— Problem requirements —
Excluding pictures, what does the listing below contain from the line with "Spacious modern balcony" up to and including the line with "Slide: The Image", word for word?

— Material for this task —

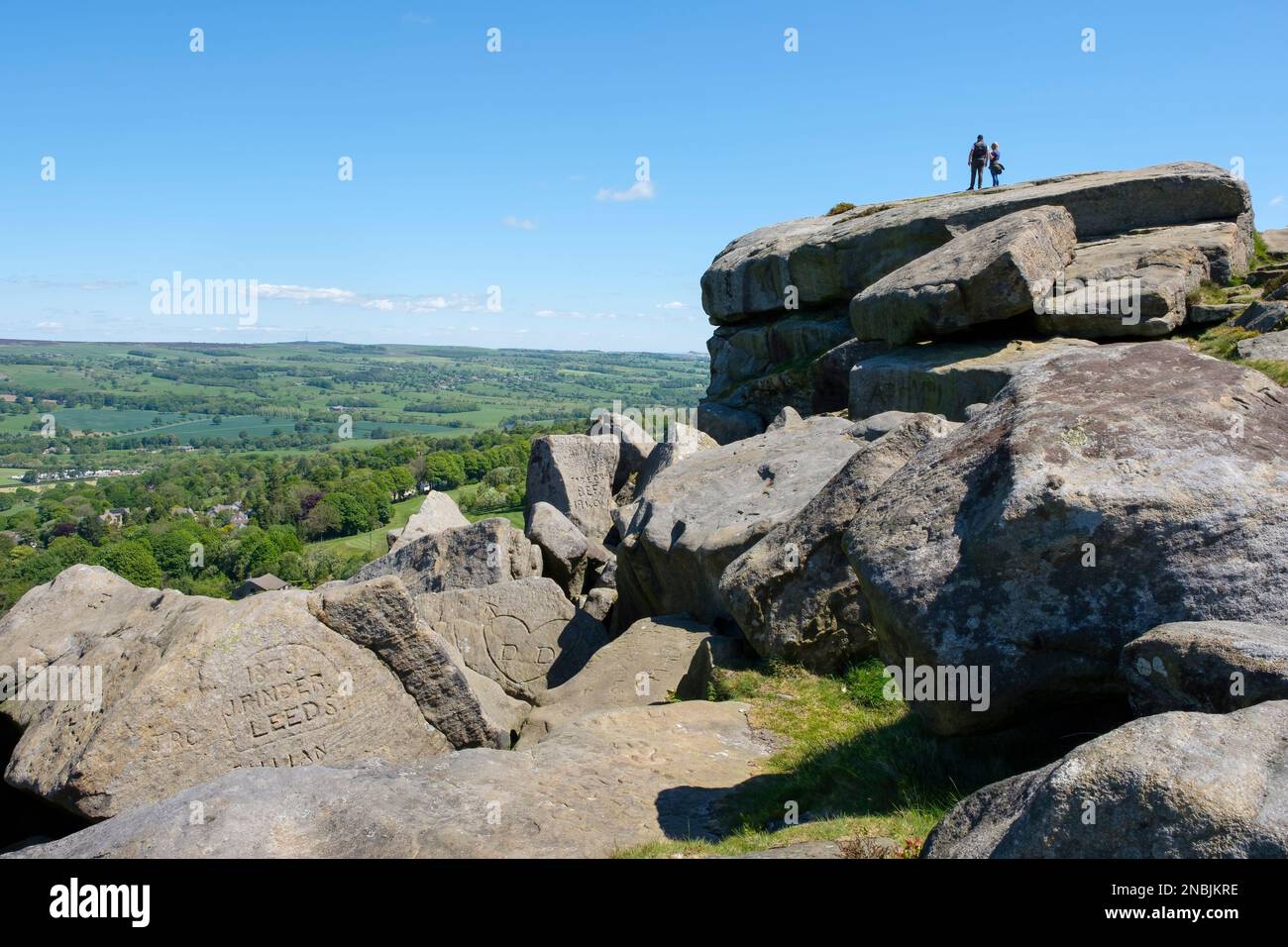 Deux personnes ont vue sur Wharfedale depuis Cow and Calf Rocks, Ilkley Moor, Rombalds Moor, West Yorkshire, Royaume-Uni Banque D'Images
---
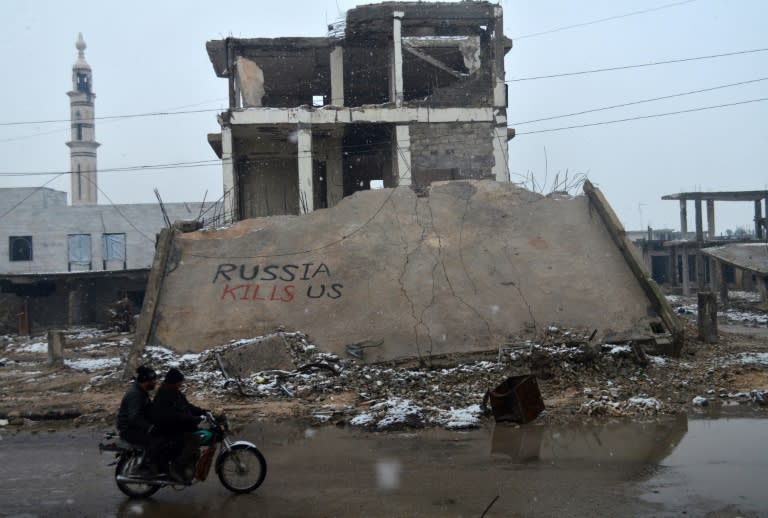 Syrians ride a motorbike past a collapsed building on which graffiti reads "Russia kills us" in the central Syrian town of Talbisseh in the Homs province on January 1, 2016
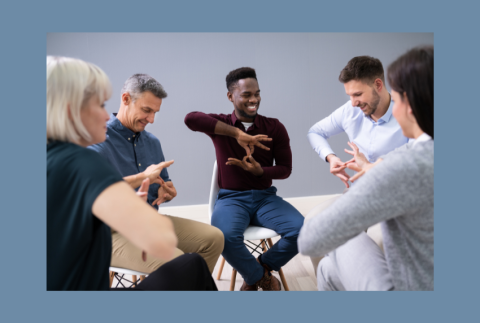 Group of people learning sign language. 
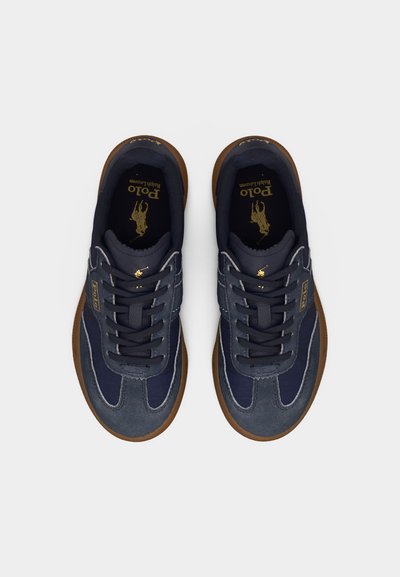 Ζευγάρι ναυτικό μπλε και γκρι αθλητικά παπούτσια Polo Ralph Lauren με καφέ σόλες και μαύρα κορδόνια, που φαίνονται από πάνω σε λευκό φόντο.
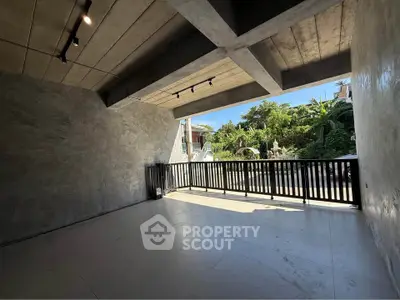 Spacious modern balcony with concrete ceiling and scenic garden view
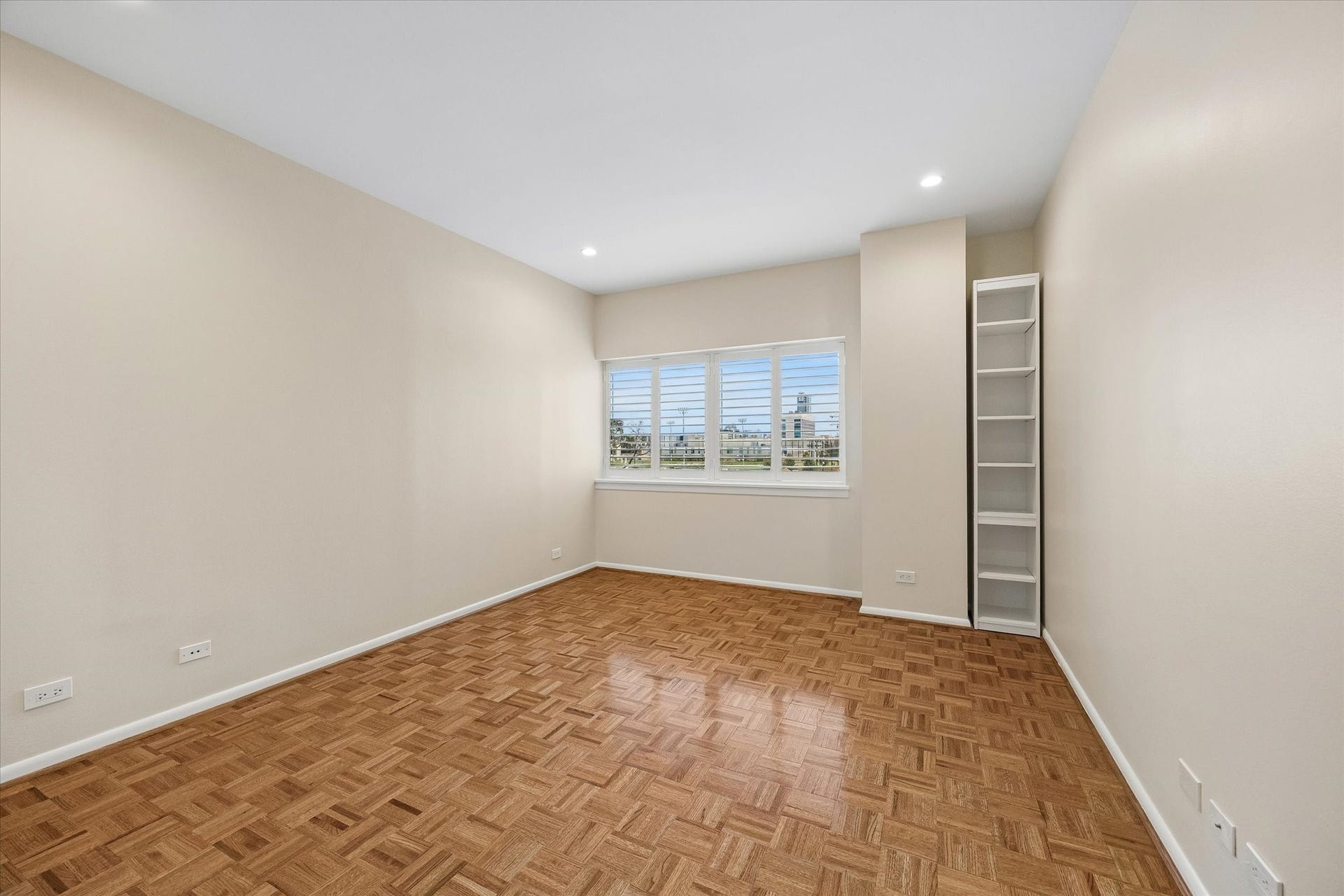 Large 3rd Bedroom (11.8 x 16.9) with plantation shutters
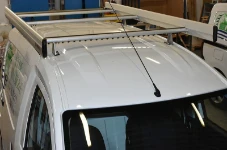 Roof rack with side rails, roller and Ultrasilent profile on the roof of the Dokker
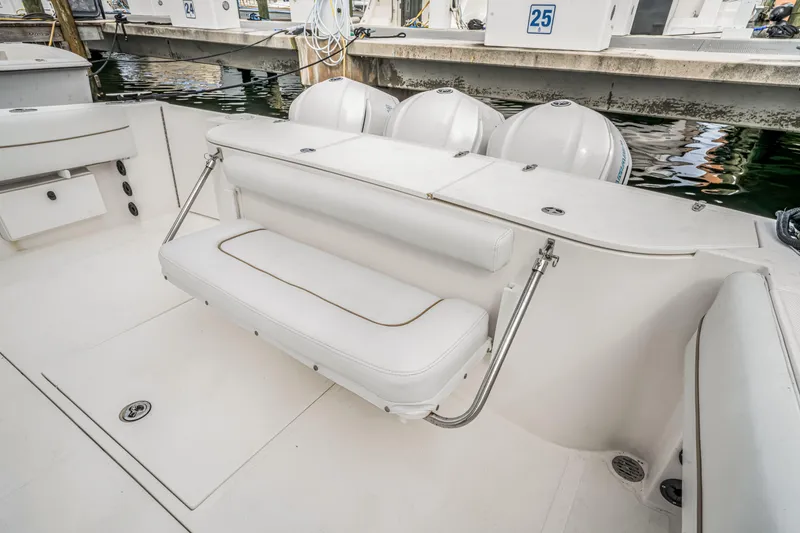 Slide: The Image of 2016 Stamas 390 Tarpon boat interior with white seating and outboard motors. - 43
--
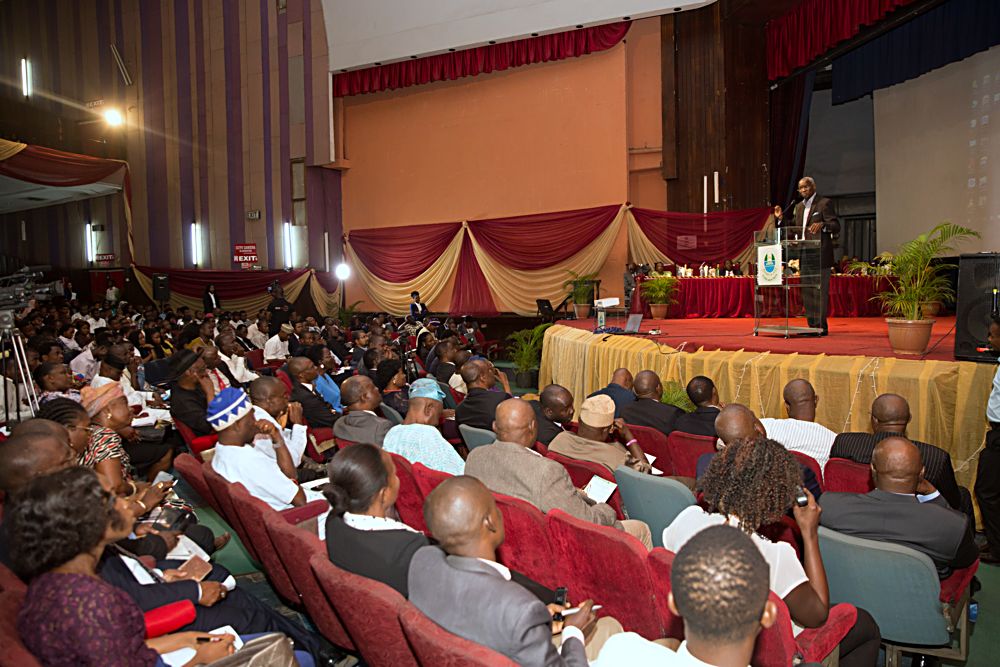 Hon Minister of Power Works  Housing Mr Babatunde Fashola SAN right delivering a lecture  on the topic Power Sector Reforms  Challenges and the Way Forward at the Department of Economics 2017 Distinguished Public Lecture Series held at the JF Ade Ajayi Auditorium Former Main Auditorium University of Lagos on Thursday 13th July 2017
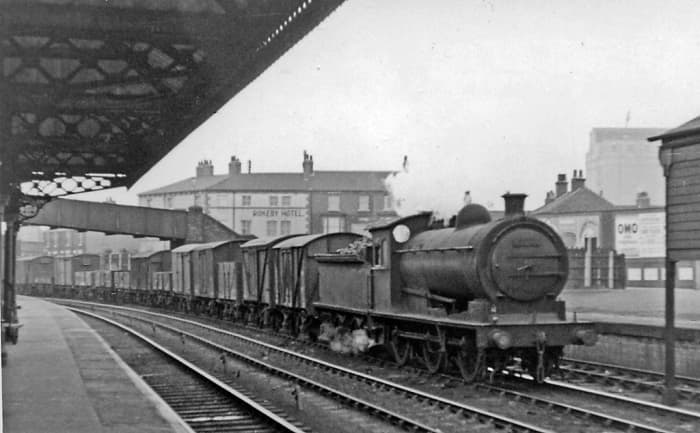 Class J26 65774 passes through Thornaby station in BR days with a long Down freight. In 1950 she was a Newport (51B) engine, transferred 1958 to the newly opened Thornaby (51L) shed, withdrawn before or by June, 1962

— Output —
 Spacious modern balcony with concrete ceiling and scenic garden view
 Large 3rd Bedroom (11.8 x 16.9) with plantation shutters
 Roof rack with side rails, roller and Ultrasilent profile on the roof of the Dokker
 Slide: The Image of 2016 Stamas 390 Tarpon boat interior with white seating and outboard motors. - 43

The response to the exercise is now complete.